***** Input data

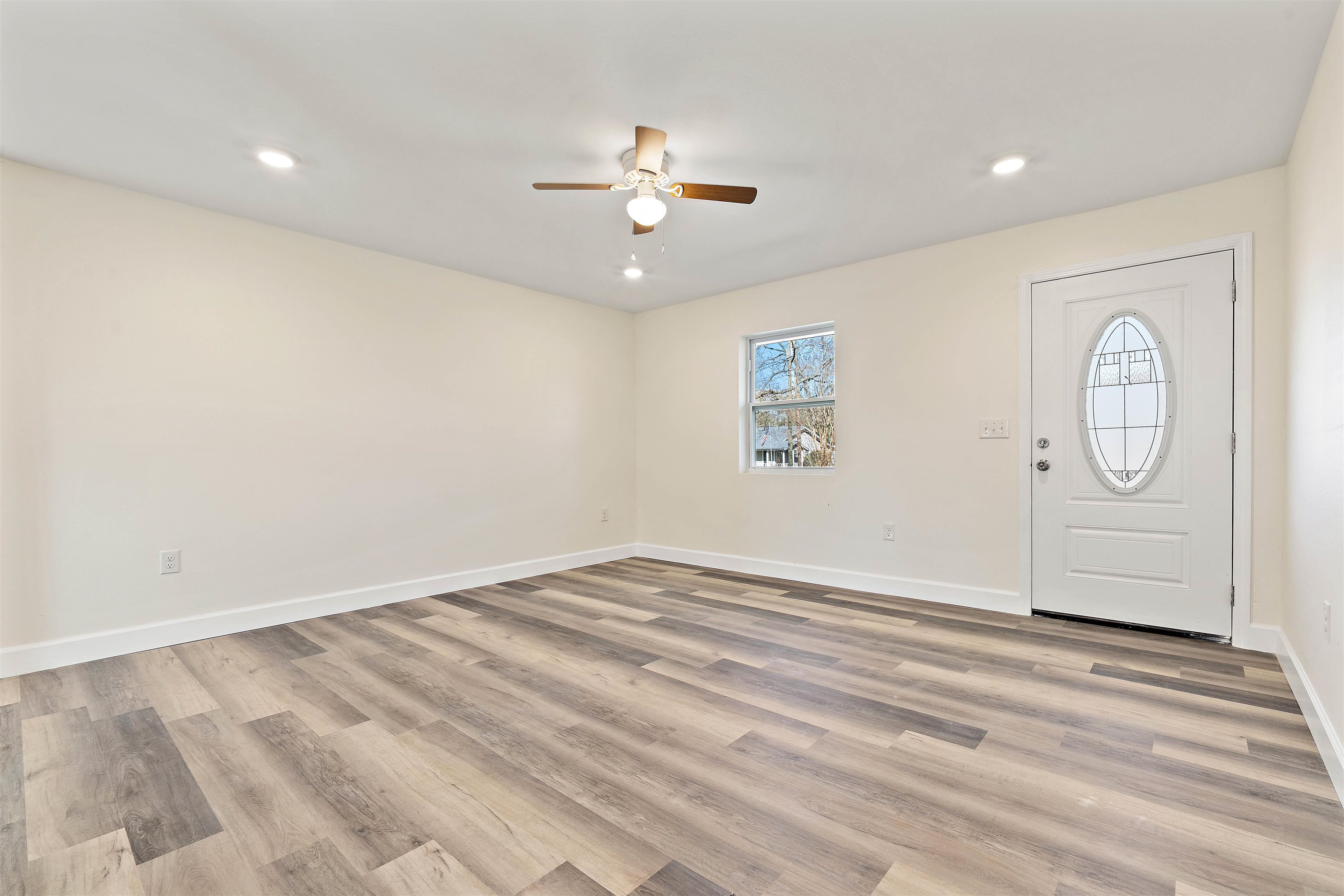 410 East Mango Street Bay Minette, AL 36507 - Photo 3 of 26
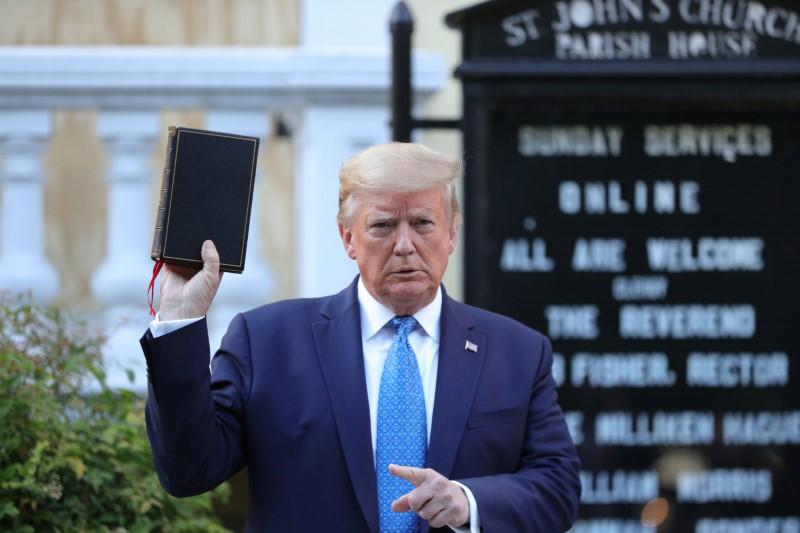الرئيس الأمريكي دونالد ترامب وهو يحمل الكتاب المقدس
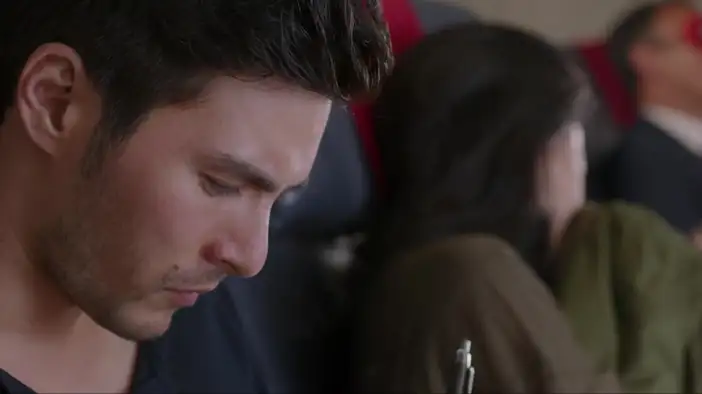 Фрагмент (русские субтитры)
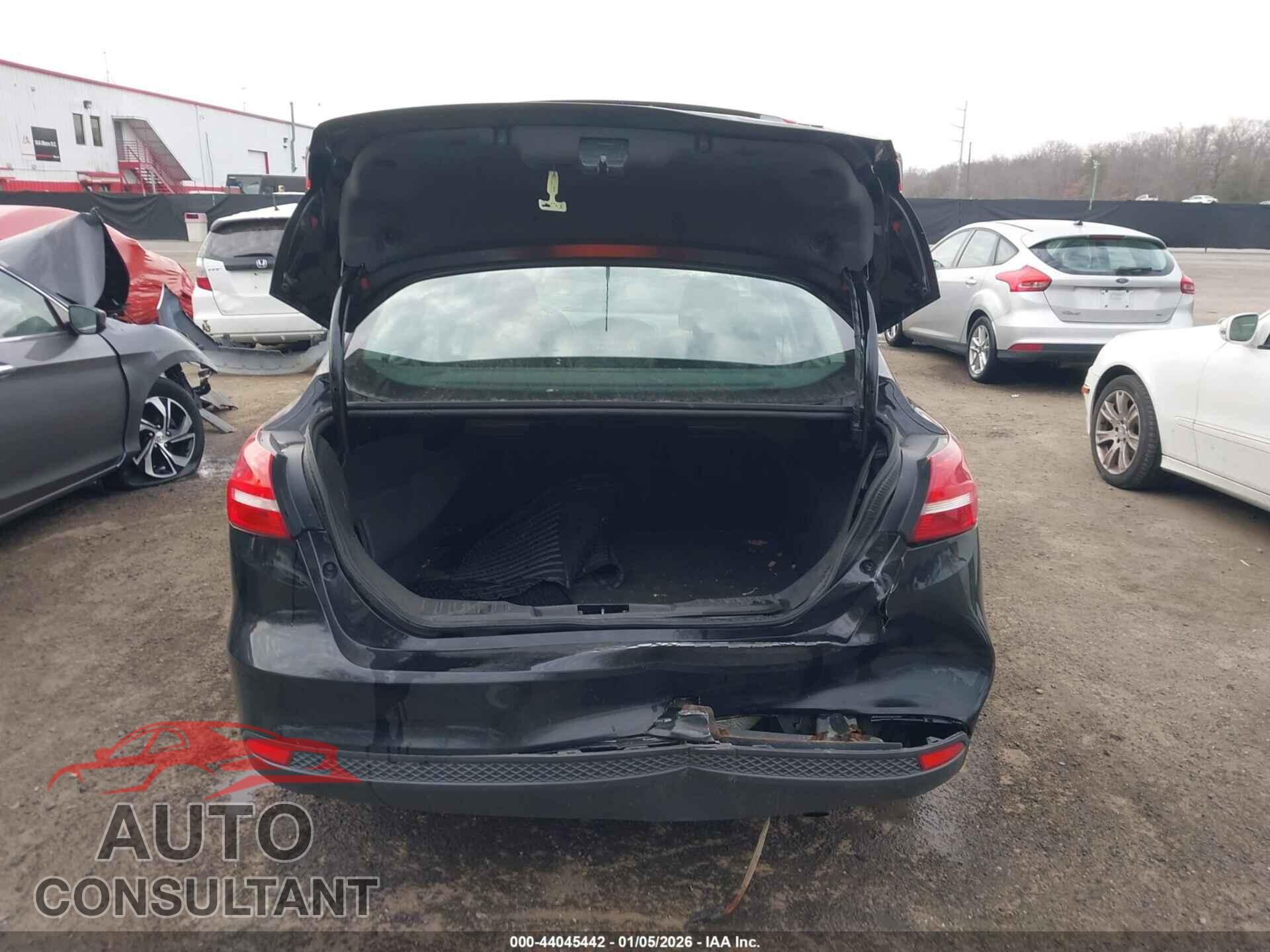 FORD FOCUS 2017 - 1FADP3F23HL325006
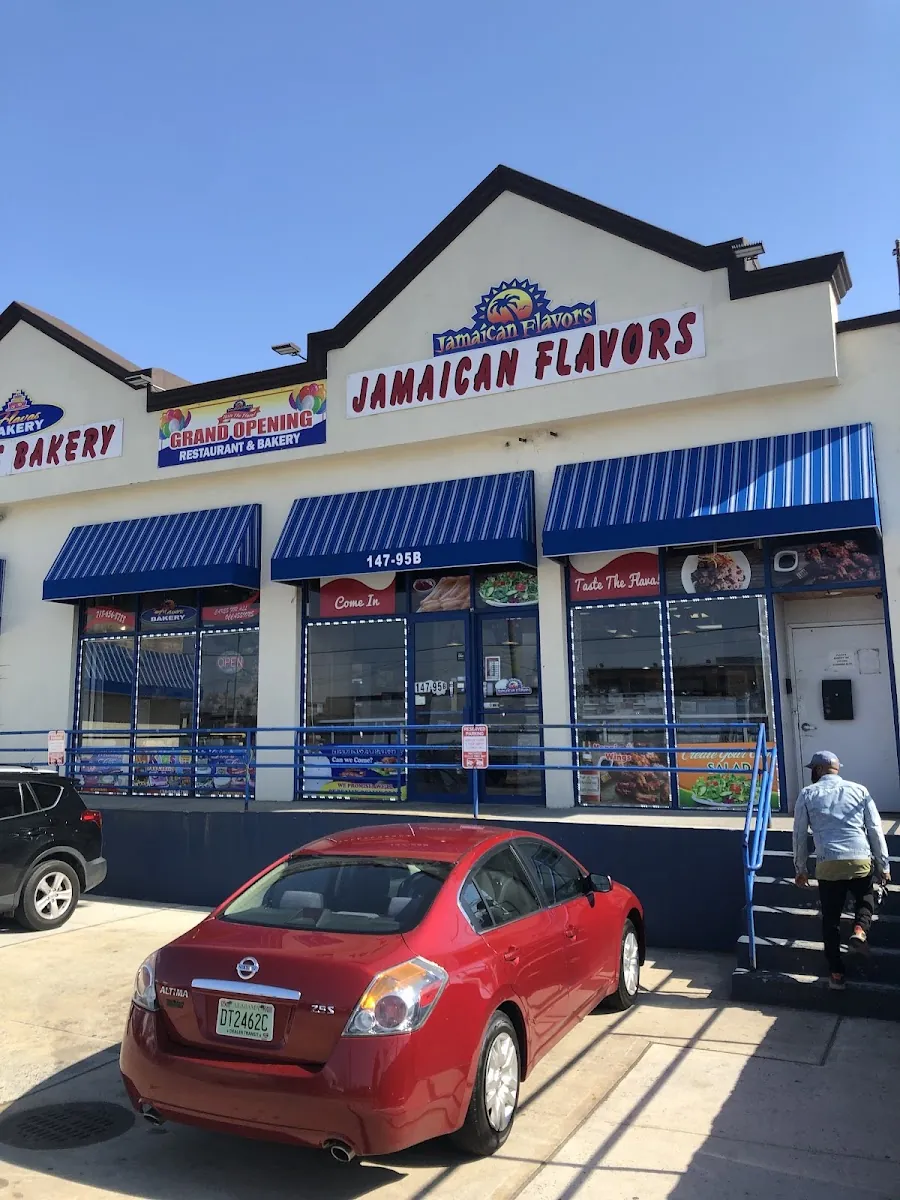 Jamaican Flavors Restaurant & Bakery, caribbean kitchen at 147-95 Farmers Boulevard in Queens, New York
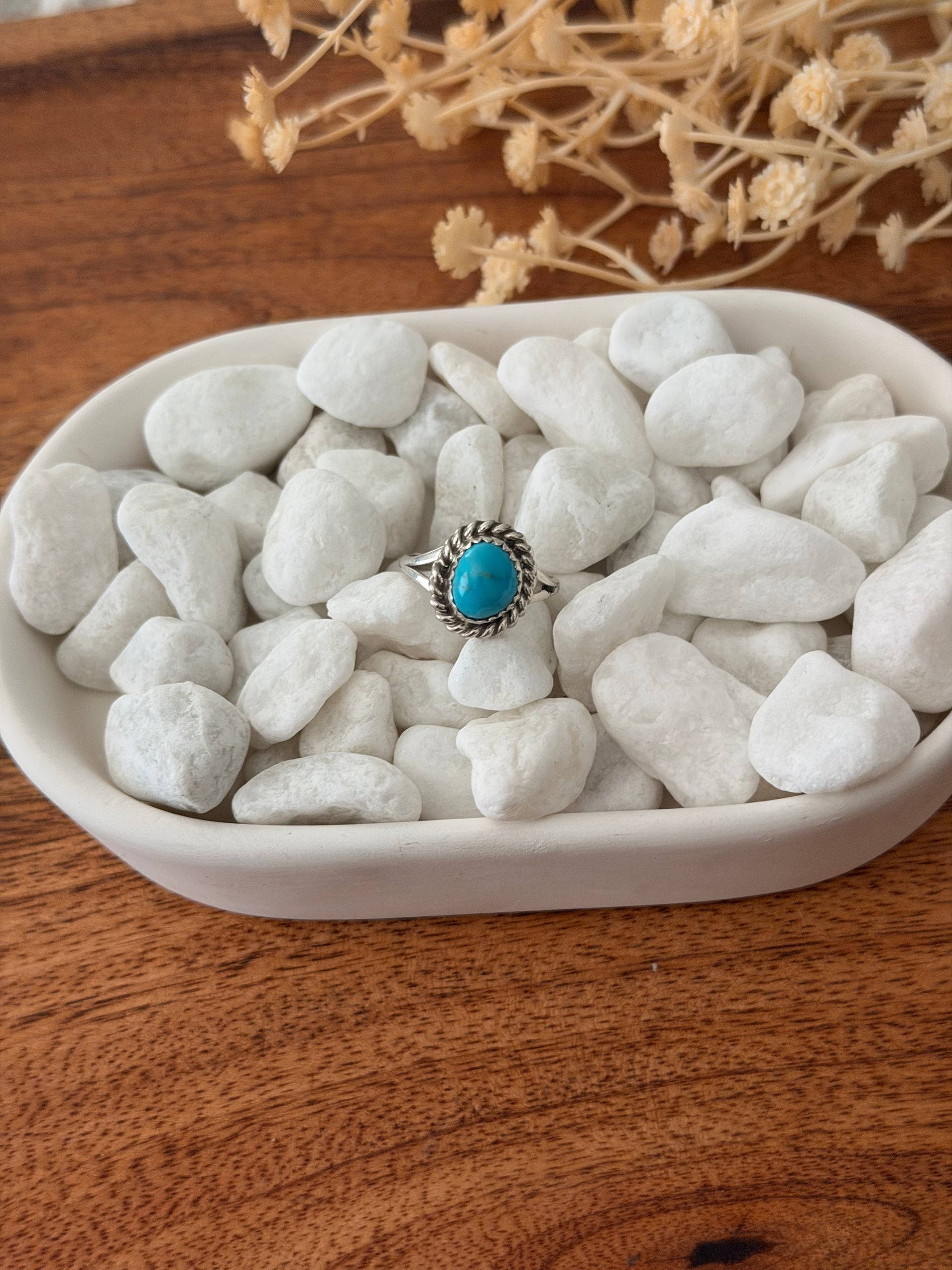 Navajo Made Kingman Turquoise & Sterling Silver Ring Size 6.75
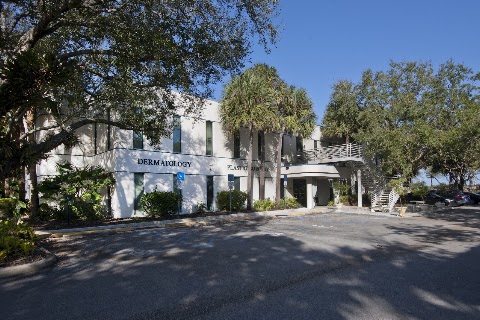 Water's Edge Dermatology - Plantation
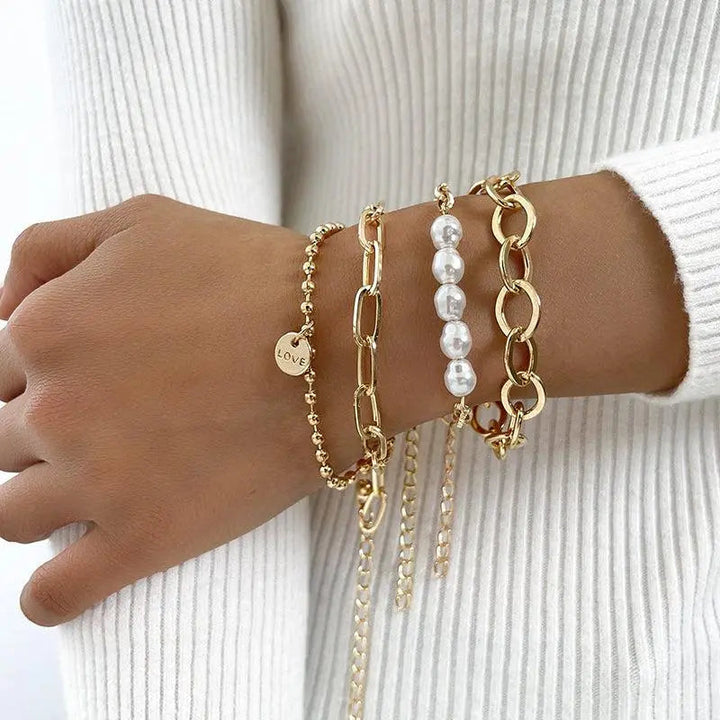 Braccialetti in oro adornati con perle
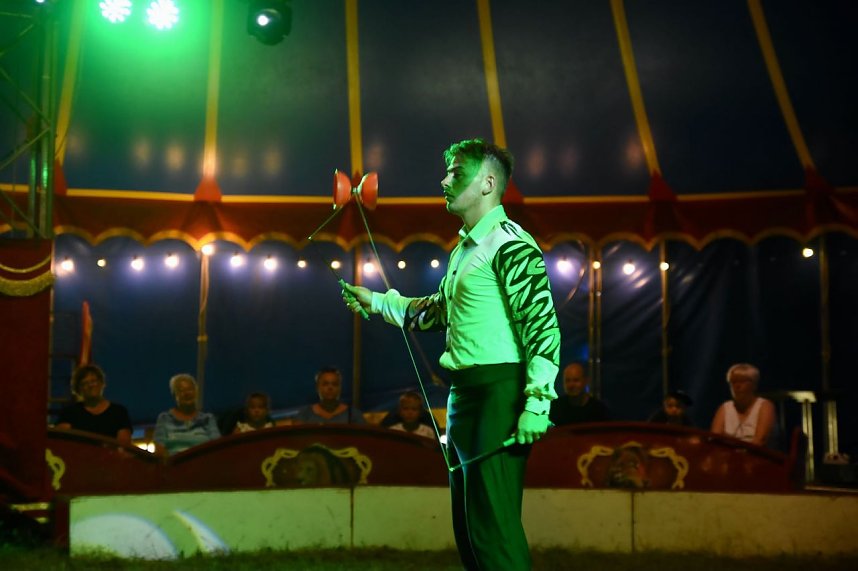 Zirkus Atlantik in Sundhausen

**********

§ Aim of the task
Copy exactly the lines from the one containing "Фрагмент (русские субтитры)" to the end of the records, both included, and leave the pictures out.

§ Solved exercise
 Фрагмент (русские субтитры)
 FORD FOCUS 2017 - 1FADP3F23HL325006
 Jamaican Flavors Restaurant & Bakery, caribbean kitchen at 147-95 Farmers Boulevard in Queens, New York
 Navajo Made Kingman Turquoise & Sterling Silver Ring Size 6.75
 Water's Edge Dermatology - Plantation
 Braccialetti in oro adornati con perle
 Zirkus Atlantik in Sundhausen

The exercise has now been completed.